• Exercise description
Could you output each line below precisely as it stands, without the images?

• The data

[Start of Attachment]

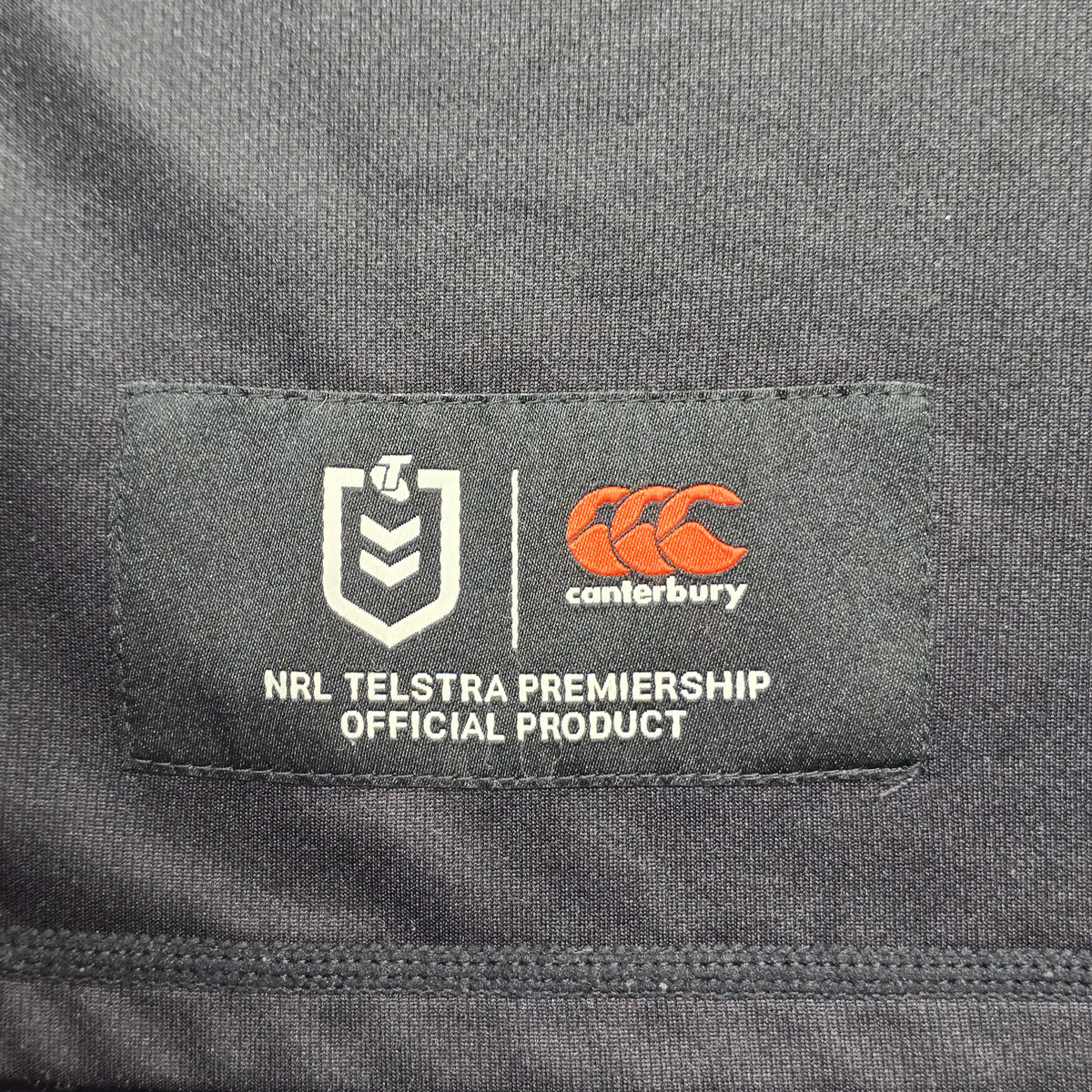NZ Warriors 2019 Away Jersey - Medium
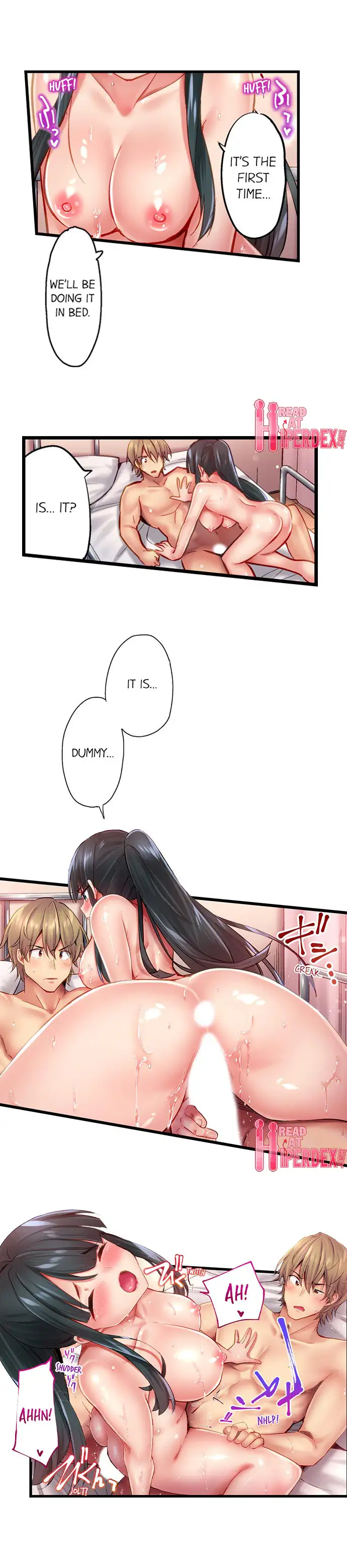 Busted in One Thrust - Chapter 26 [photo 7] - MangaPorn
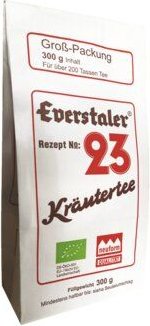 Everstaler Rez. Nr. 23 Bio Kräutertee, 300g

[End of Attachment]

• Response to the exercise
NZ Warriors 2019 Away Jersey - Medium
 Busted in One Thrust - Chapter 26 [photo 7] - MangaPorn
 Everstaler Rez. Nr. 23 Bio Kräutertee, 300g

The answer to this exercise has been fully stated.